▶ EXERCISE AIM: Would you please return only the lines from the one with "Floral Off Shoulder Maternity Maxi Dress" through the last line of the records below, leaving the pictures out?

================================

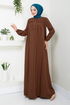 The Front Half Pat Buttoned Up Dress 2020BGS895 Taba - Thumbnail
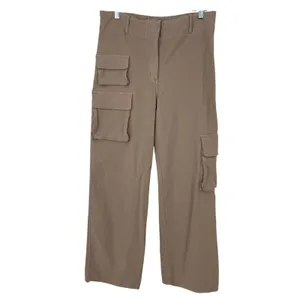 Aritzia Wilfred Free Modern Cargo Pants Tan Khaki Wide Leg Utility Size 12 thumbnail 4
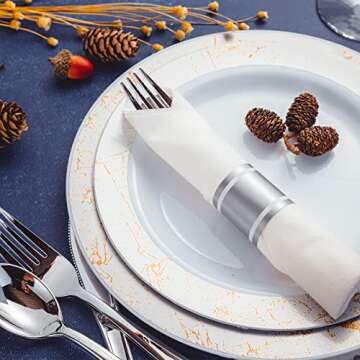 N9R Elegant Pre Rolled Silver Plastic Cutlery Set for Parties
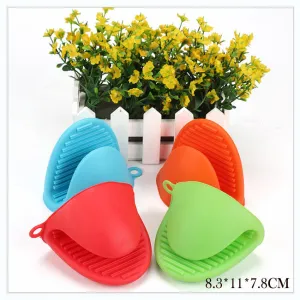 Kitchen Cooking Oven Glove Heat Resistant Silicone Cake Bakeware Gloves Short Finger Hand Clip Oven Mitts P Anti-Slip Pot Holder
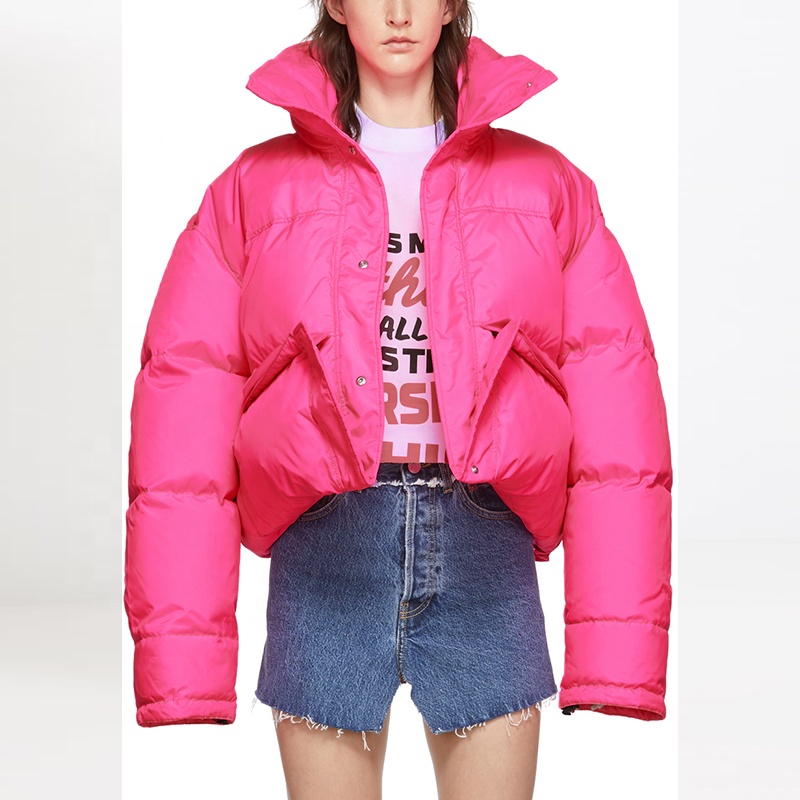 OEM Chinese Manufacturing Women Winter Boutique Lovely Pink Long Sleeves Hooded Down Filled Puffer Jacket Down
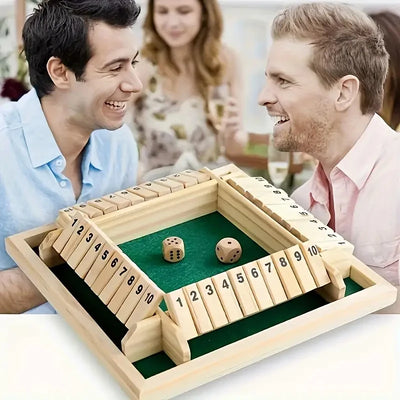 Classic 4 Sided Wooden Board Game with 2 Dice and Shut-The-Box Instructions, Classics Tabletop Version and Pub Board Game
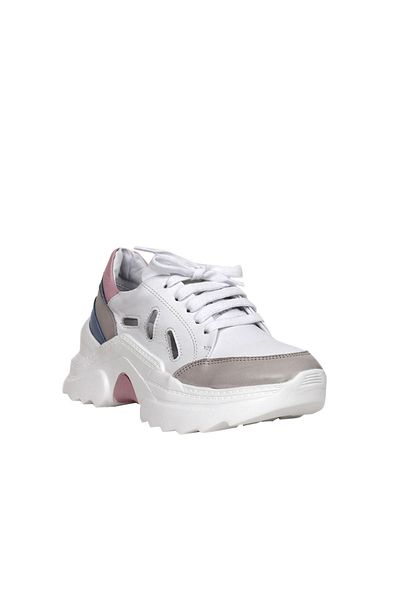 BUENO Pantofi sport de damă din piele gri - Tocuri cu pană 01wq10100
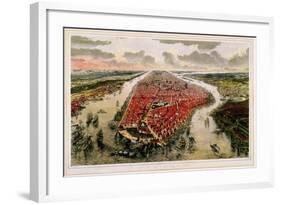 Bird'S-Eye View of New York and Environs-John Bachman-Framed Giclee Print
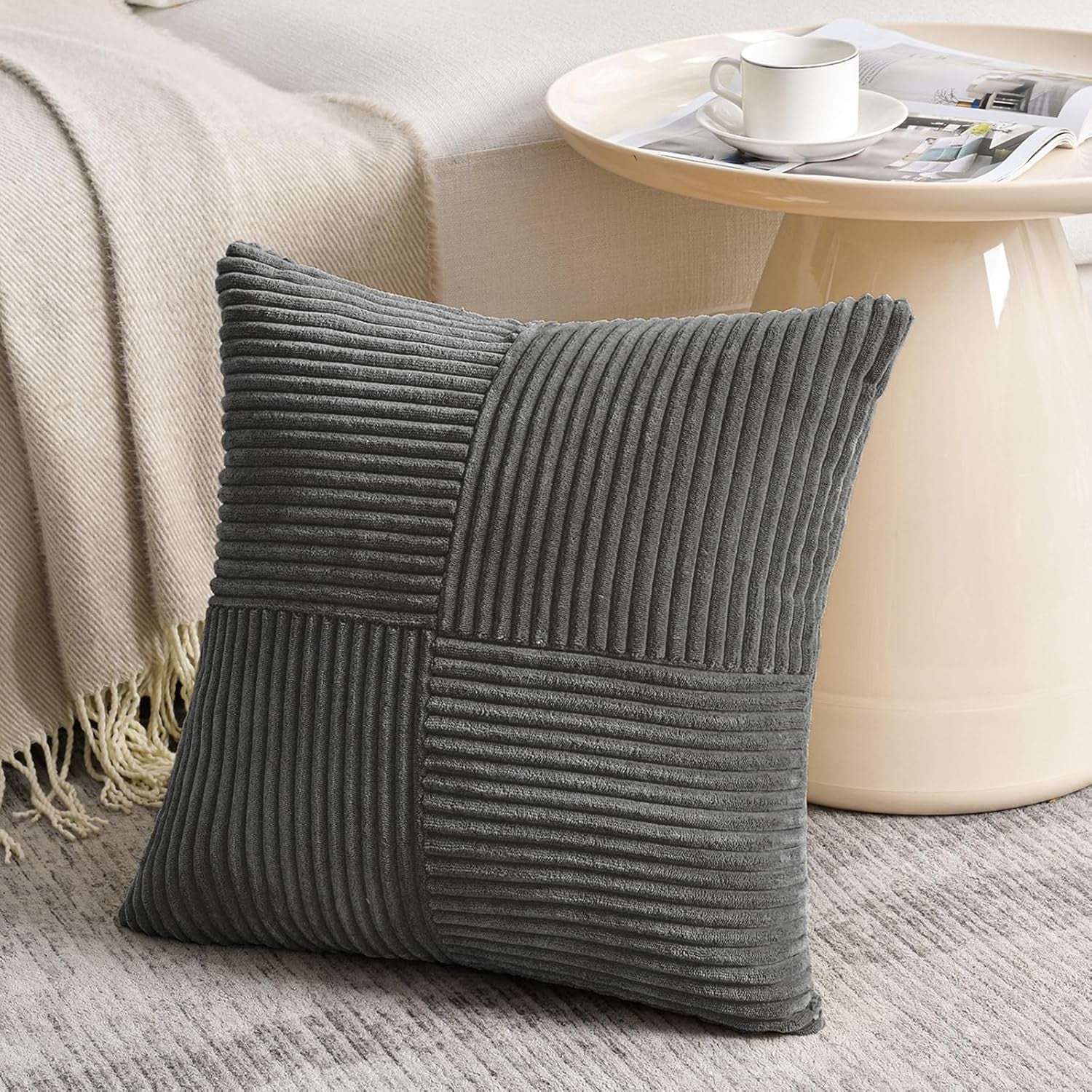 2 Packs Dark Gray Decorative Throw Pillow Covers 18X18 Inch for Living Room Couch Sofa, Rustic Farmhouse Boho Home Decor, Soft Corss Corduroy Patchwork Textured Square Cushion Case 45X45 Cm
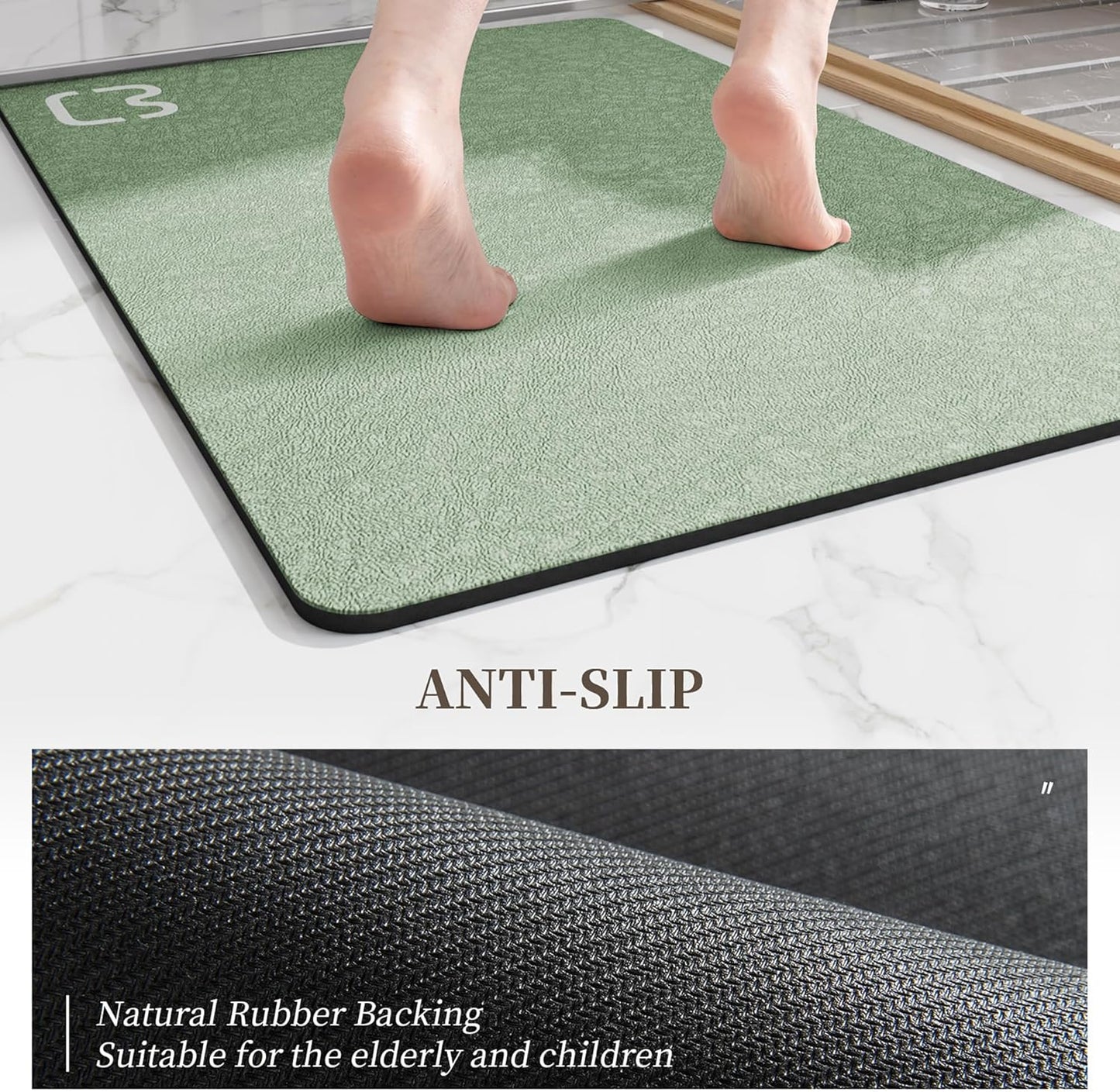 Diatomaceous Earth Bath Mat Rugs Super Absorbent Diatomite Stone Bath Mat Non Slip Quick Dry Thin Bathroom Mat Fit Under Door, Floor Rugs in Front of Bathtub, Shower Room, Sink,15.7"x23.6", Grey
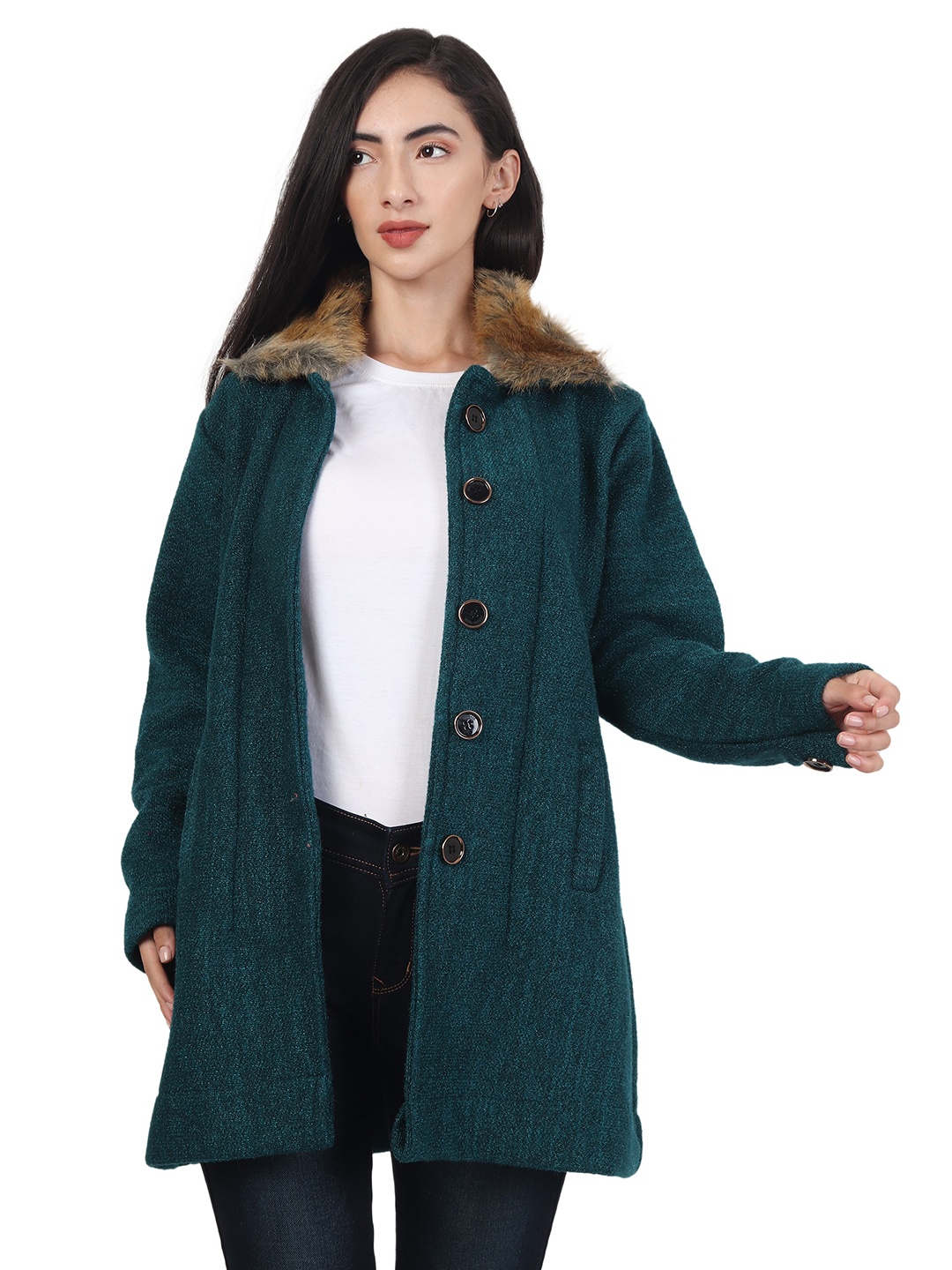 

HAUTEMODA Women Single-Breasted Overcoat, Blue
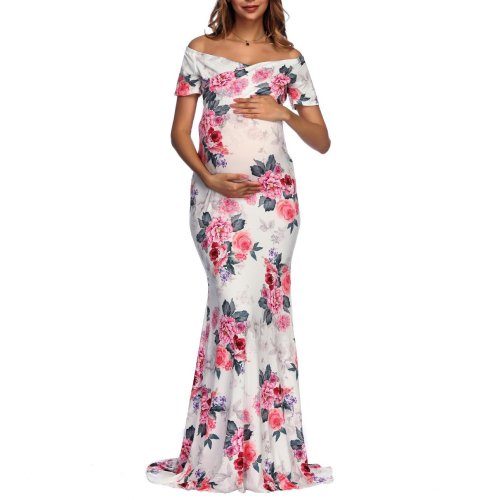 Floral Off Shoulder Maternity Maxi Dress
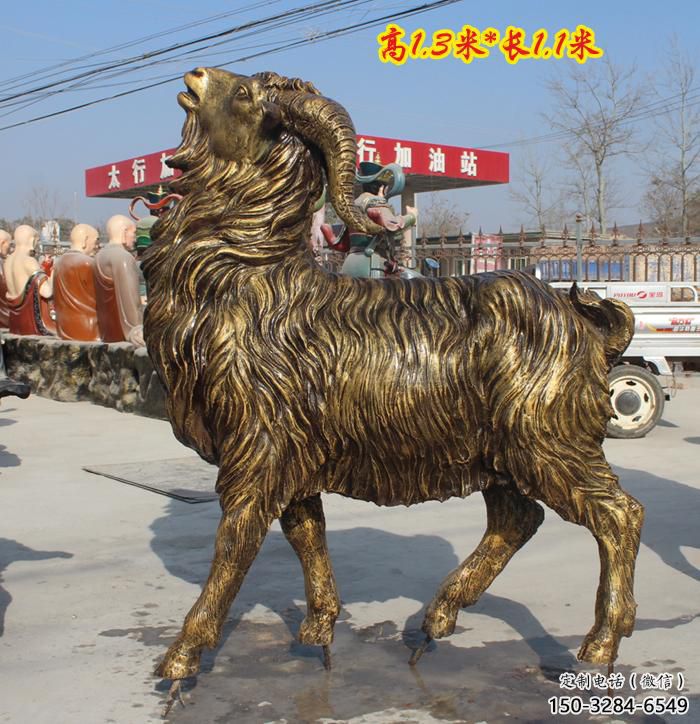 古銅色山羊雕塑廠家 大型城市雕塑 商業街擺件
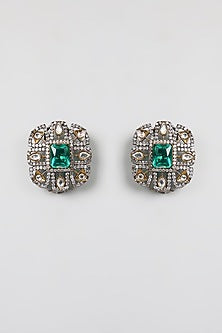 Gold Finish Kundan Polki & Green Gemstone Stud Earrings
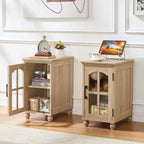 RWYHG Narrow Side Table, Farmhouse Nightstand with Charging Station | End Tables with Glass Barn Door, Cabinet Organizer with Adjustable Shelf, Night Stand for Small Spaces Living Room Bedroom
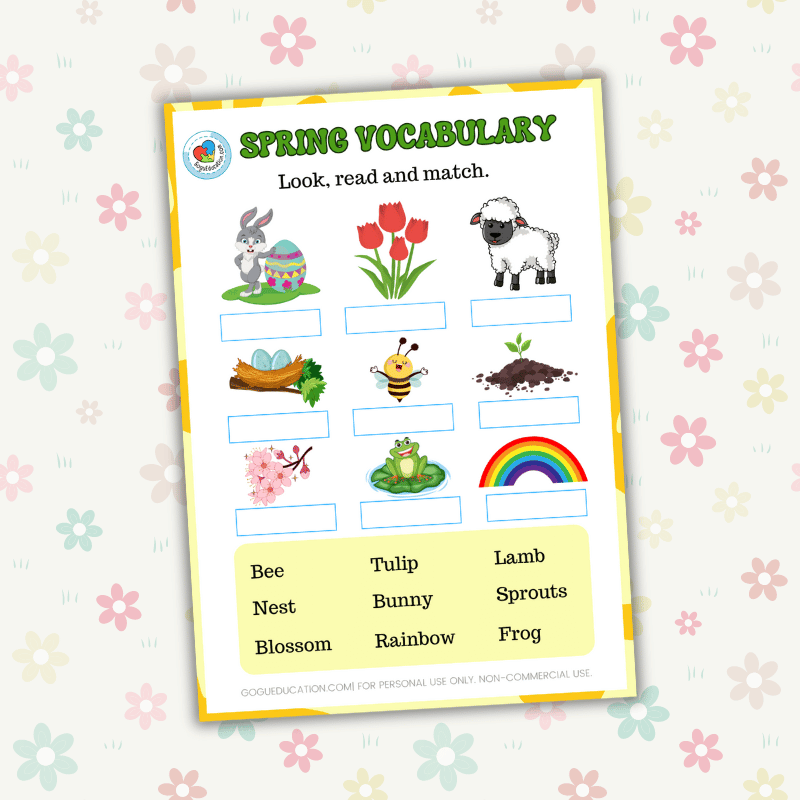 English Spring Words Vocabulary Gogu Education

================================

▶ ANSWER TO THIS TASK:
 Floral Off Shoulder Maternity Maxi Dress
 古銅色山羊雕塑廠家 大型城市雕塑 商業街擺件
 Gold Finish Kundan Polki & Green Gemstone Stud Earrings
 RWYHG Narrow Side Table, Farmhouse Nightstand with Charging Station | End Tables with Glass Barn Door, Cabinet Organizer with Adjustable Shelf, Night Stand for Small Spaces Living Room Bedroom
 English Spring Words Vocabulary Gogu Education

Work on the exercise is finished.